Over time, you might want to add or remove fields in an existing schema. The precise rules for schema evolution are inherited from Avro, and are documented in the Avro specification as rules for Avro schema resolution. For the purposes of working in Kite, here are some important things to note.

Writer Schemas and Reader Schemas

Writer schemas describe a dataset as it is being written. Reader schemas describe a dataset as it is being read from a datastore. Writer and reader schemas must be compatible, but they do not have to match exactly. See the Avro schema resolution specification for the exhaustive list of rules for matching one schema to another.

Changing Field Types

You can use schema resolution to change the type used to store a value. For example, you can change an int to a long to handle values that grow larger than initially anticipated.

Removing Fields from a Dataset

When you remove fields from a dataset schema, the data already written remains unchanged. The fields you remove are not required when records are written going forward. The field must not be added back, unless it is identical to the existing field (since the data isn’t actually removed from the dataset).

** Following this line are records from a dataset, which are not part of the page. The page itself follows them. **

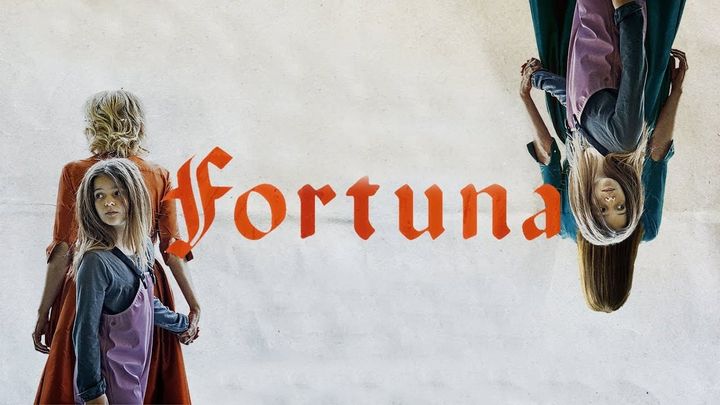 Una scena tratta dal film Fortuna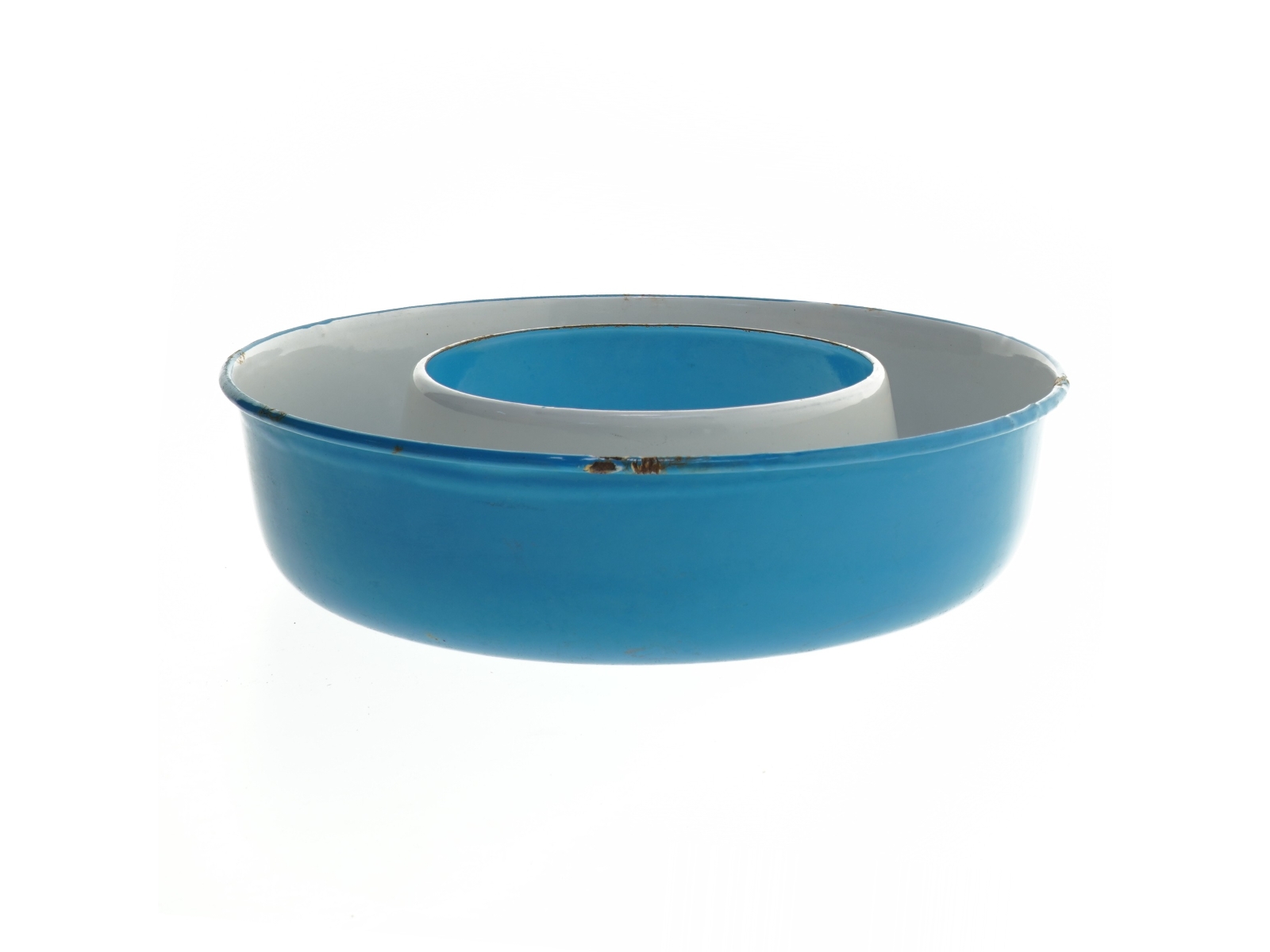Emaljeret form (str. Ø 26,5 cm)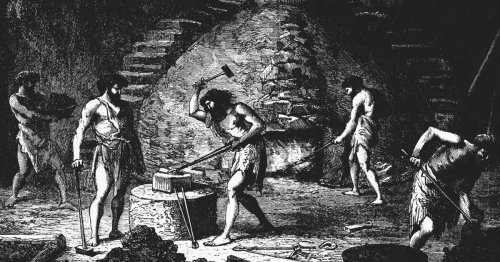 Une étude révèle que les Européens ont eu la peau et les yeux foncé jusqu'à il y a 3000 ans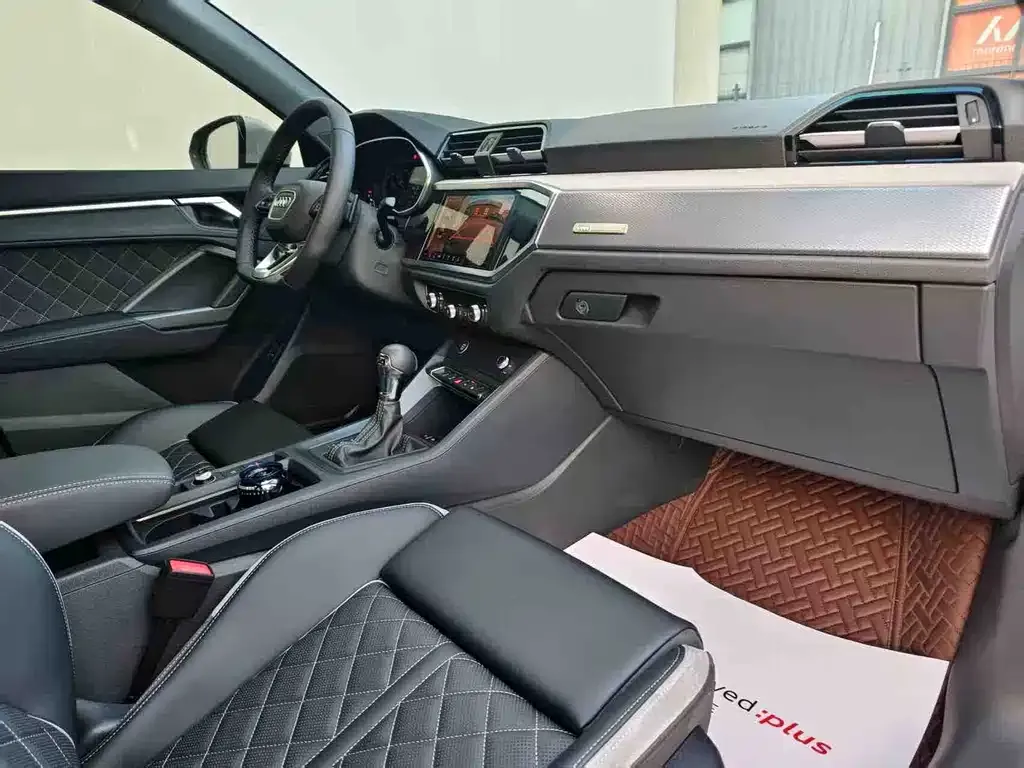 Audi Q3 2025 из CN, фото 6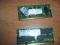 pamięć ram do laptopa 2G 2R X8 DDR2 800MHz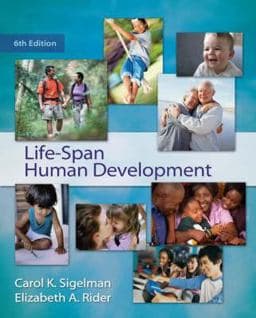 Life-Span Human Development 9780495553403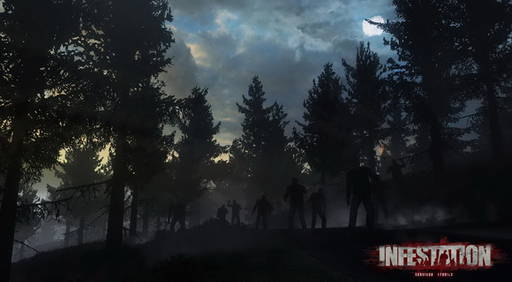 Infestation: Survivor Stories - Интервью с Сергеем Титовым – автором Infestation: Survivor Stories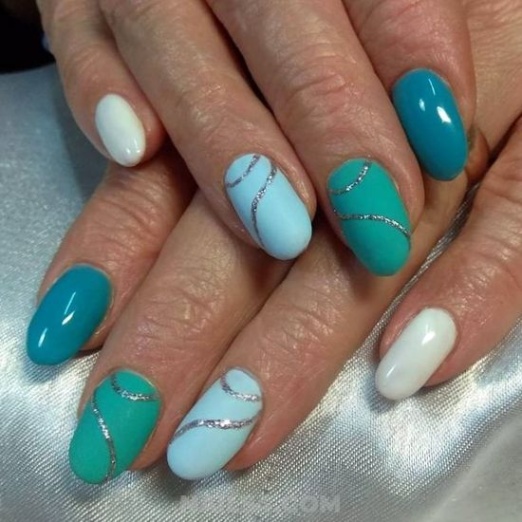 vacation nail designs Niche Utama 2 + Easy And Beautiful Vacation Nail Designs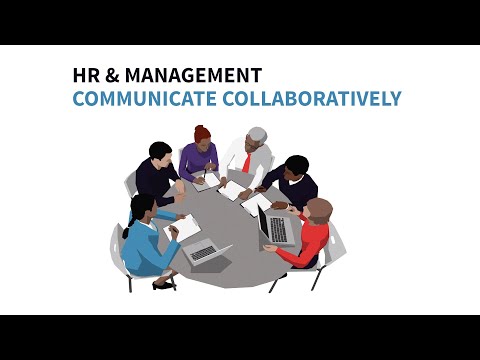 Hr Tutorial Collaborative Communication With Managers Youtube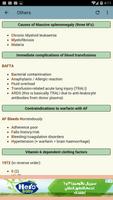 Hematology Mnemonics 海报
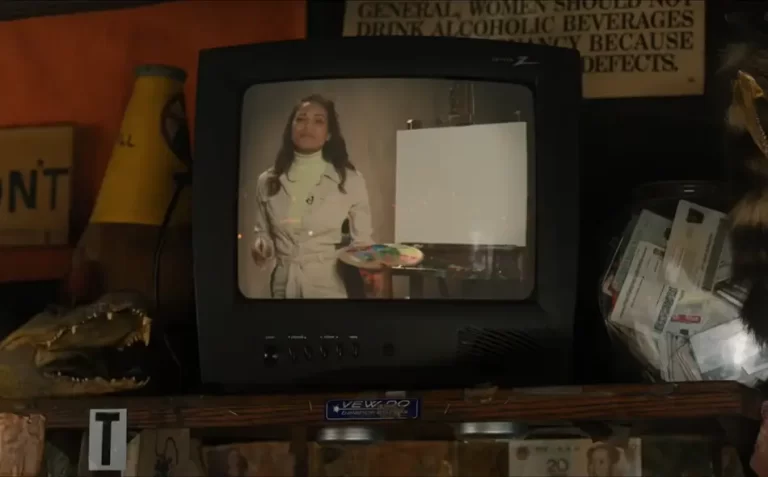 Ciara Renée in Paint Movie (2023)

Adding Fields to a Dataset

You can add fields to a dataset’s schema, provided the the schema is compatible with the existing data. If you do so, you must define a default value for the fields you add to the dataset schema. New data that includes the field will be populated normally. Records that do not include the field are populated with the default you provide.

Reading with Different Schemas

You can have a schema that reads fewer fields than are defined by the schema used to write a dataset, provided that the field definitions in the reader schema are compatible with the chosen fields in the writer schema. This is useful when the writer schema provides more fields than are needed for the business case supported by the reader schema.

Removing unnecessary fields allows Kite to read data more efficiently. The performance gain can be significant when using Parquet format, in particular.

Kite ensures that each change to a schema is compatible with the last version of the schema. Older data can always be read by the current schema.